Tophat align_summary.txt and samtools flagstat accepted_hits.bam disagree
1
0
Entering edit mode
4.9 years ago
colin.kern ▴ 970

I've aligned an RNA-Seq library using Tophat, and I'm confused about the output as there seems to be some disagreement that I can't figure out. The align_summary.txt that Tophat creates looks like this:

Left reads:
Input     :  49801387
Mapped   :  46258301 (92.9% of input)
of these:   1703360 ( 3.7%) have multiple alignments (103886 have >20)
Input     :  49801387
Mapped   :  45542088 (91.4% of input)
of these:   1680180 ( 3.7%) have multiple alignments (103887 have >20)

Aligned pairs:  44100265
of these:   1622622 ( 3.7%) have multiple alignments
261400 ( 0.6%) are discordant alignments
88.0% concordant pair alignment rate.


And the output of samtools flagstat on the accepted_hits.bam file produced by Tophat is:

\$ samtools flagstat accepted_hits.bam
0 + 0 duplicates
105064647 + 0 mapped (100.00%:-nan%)
105064647 + 0 paired in sequencing
89670194 + 0 properly paired (85.35%:-nan%)
101093928 + 0 with itself and mate mapped
3970719 + 0 singletons (3.78%:-nan%)
5036220 + 0 with mate mapped to a different chr
248094 + 0 with mate mapped to a different chr (mapQ>=5)

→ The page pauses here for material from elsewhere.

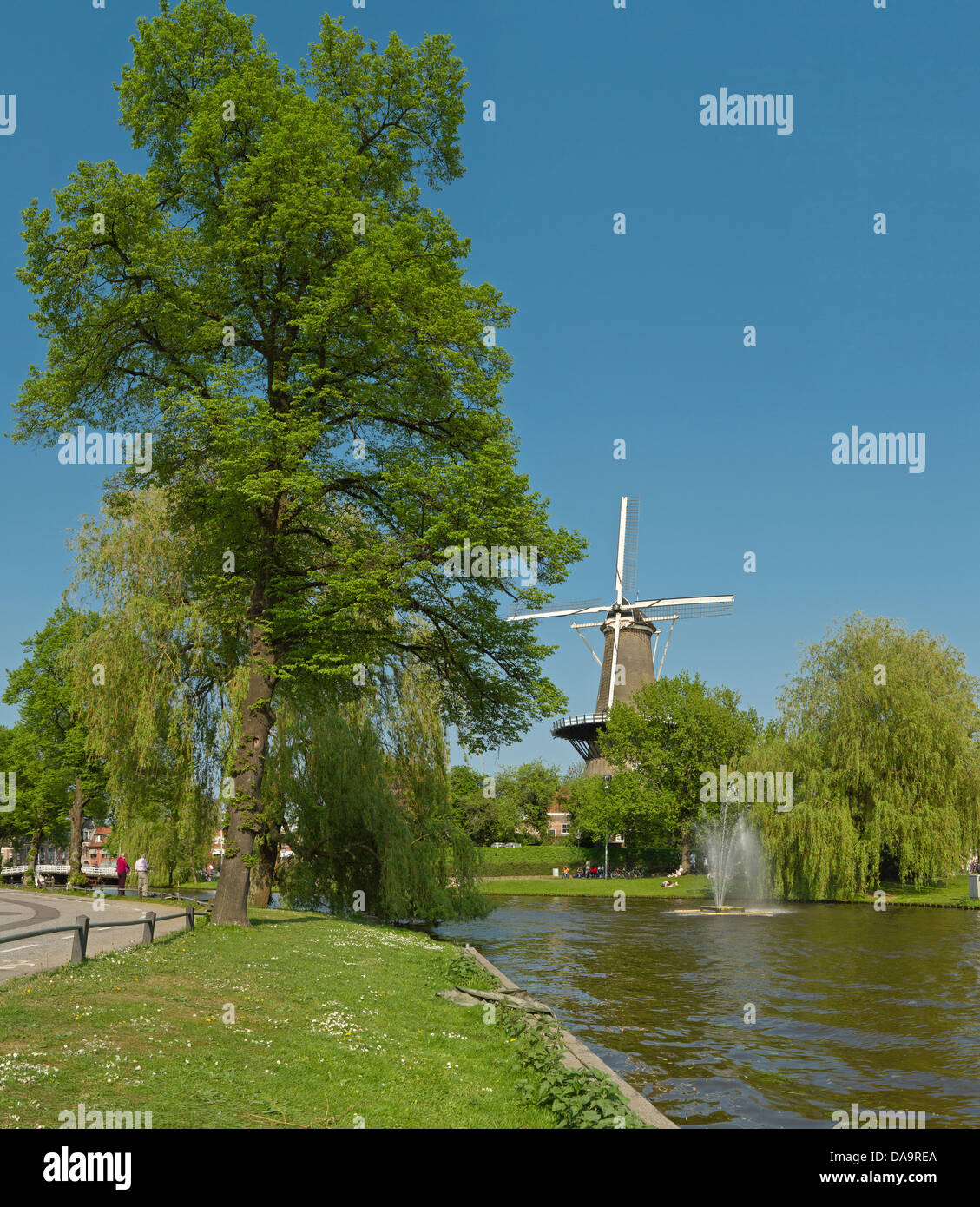 Netherlands, Holland, Europe, Leiden, Windmill, Falcon, water, trees, spring, Stock Photo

So at the bottom of align_summary it says that we have an 88% concordant pair alignment rate. Since I input 49,801,387 pairs, then 88% of that is 43,825,220.56. It says we have 44,100,265 aligned pairs. We can subtract the 261,400 that are discordant alignments and that gives us 43,838,865. Close, but not the same. How is that 88% calculated?

Furthermore, if we go to the samtools flagstat output for accepted_hits.bam file, it reports 89670194 reads properly paired, or if we divide by two 44,835,097. So we have three numbers for the number of aligned pairs, all of which are similar but not exactly the same. Does anyone have any insight on this?

A related question: When you do RNA-seq alignment and want to report your alignment rate, how do you get that number?

RNA-Seq tophat alignment samtools • 2.4k views
4
Entering edit mode
4.9 years ago

(44100265 - 261400) / 49801387 = 88% when rounded. You're expecting too much precision there apparently.

Samtools is telling you the raw number of "properly paired" alignments in the file. If any given read has multiple entries then it'll get counted multiple times....which is the source of the discrepancy you're seeing.

If I needed to report a number, I'd report the 92.2% overall alignment rate. You can probably get something similar with samtools view -c -F 260 accepted_hits.bam`.